Difficulties in reaching patients
Respondents described potential problems such as what to do about dissemination if participants may have died, and how to reach patients who don't have access to the internet, are illiterate, critically ill, cognitively impaired, minors, or in other vulnerable groups. Dissemination was also seen as challenging if a long time had elapsed between conducting the study and its publication. Additional difficulties cited included not being able to give personal feedback; having to disseminate in different languages; difficulty in writing lay summaries; and only having access to anonymised datasets. Some felt restricted by data protection rules and some were not confident about how and when they could contact trial participants in the absence of relevant guidelines.

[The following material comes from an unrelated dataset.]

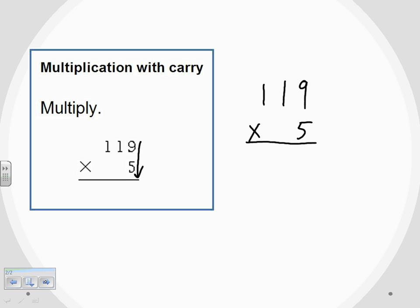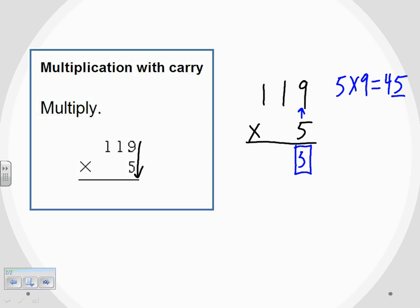Just like whenever we were adding and subtracting, we want to start on that right-hand column. The first thing I'm going to do is multiply everything by 5, so I start with that first digit, the 9. I need to multiply 5 times 9, which gives us 45. I only have room for one digit right below the 9, so I keep only the rightmost digit, which is the 5. The other digit, the 4, needs to be carried over to the next column.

Lack of early planning and support
Some researchers reported that they did not have ethical approval or patient consent for dissemination, plans to do so were not included in the study protocol and results were not offered to participants at the outset. Earmarked financial support for dissemination was unusual, and where it was available, it was often not accessible by the time the study was published. Researchers also stated that funders did not require or mandate dissemination and that it would provide an additional burden to the research team.
Lack of incentives and cultural expectations
Respondents described the lack of expectation, academic recognition or reward for disseminating to participants and patient groups compared with disseminating to researchers and clinical audiences.
Type of results
Study-specific reasons included concern over misinterpretation of unclear, inconclusive or discouraging study results; negative results; preliminary results; and complex or technical results (eg, a comparison of surgical techniques). Some felt that it was not necessary to disseminate results of all studies, particularly when findings would not change management, or would be of no benefit to individual participants; or where knowing the results might cause distress.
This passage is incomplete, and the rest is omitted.